Saudi Arabia fears that this will reinforce what is already a growing perception that the US is gradually disengaging from the region. The question of why the US should underwrite the security of Saudi oil exports will only become more pressing and vocal in Congress over the coming years, especially if relations with Saudi Arabia continue to weaken.
Demand destruction could bring US and Saudi interests closer together
The outlook for US-Saudi relations remains negative. Without greater US support in Yemen, and a greater say in the Biden administration’s Iran policy, it is unlikely that Saudi Arabia will consider calls to increase the rate of oil production.
The domestic political cost of a U-turn on Saudi Arabia for Biden is another obstacle that will have to be overcome if relations are to improve in the short term. The recent shift in the administration’s position on Iran and Venezuela nonetheless shows that Biden is willing to pay a political cost on the foreign policy front in a bid to bring down fuel prices at home.

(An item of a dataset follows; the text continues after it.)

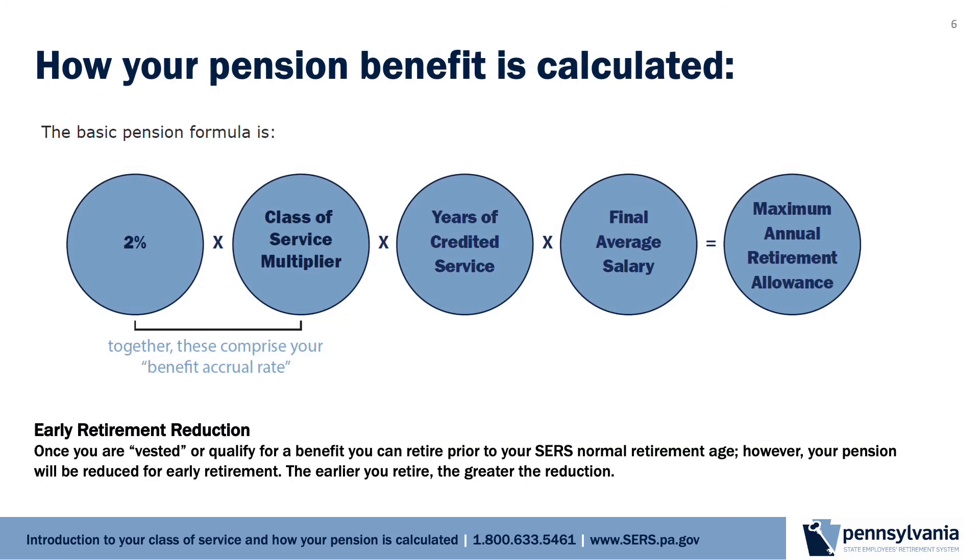Now that you understand your class of service, you are ready to learn how your pension is calculated. Your yearly pension benefit is calculated using a formula defined by the retirement code: 2% times your class of service multiplier times your years of credited service times your final average salary. This calculation equals the unreduced maximum annual retirement allowance. The first two pieces of the formula alone, 2% times a service multiplier, gives you the benefit accrual rate, which determines how quickly your pension grows. Sometimes the formula is shortened to the benefit accrual rate times the years of credited service times the final average salary. If you retire before reaching the SERS normal retirement age threshold for your class of service, your benefit will be reduced for early retirement. The earlier you retire, the greater the reduction to your pension.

Despite the negative outlook, Saudi and US interests will align more closely if rising oil prices start to damage global demand for oil. Although there are already signs of demand destruction in Europe and North America as a result of high prices, demand is growing in Asia as the region enters a post-recovery phase after the COVID-19 pandemic. Ultimately, commercial considerations will carry more weight than foreign policy incentives from the US.
Over the longer term, relations are likely to continue to weaken unless the US pivot away from the region under the last three US presidents is reversed. For now, the Biden administration is seeking only a short-term deal on oil policy, not a longer-term reset in US-Saudi relations.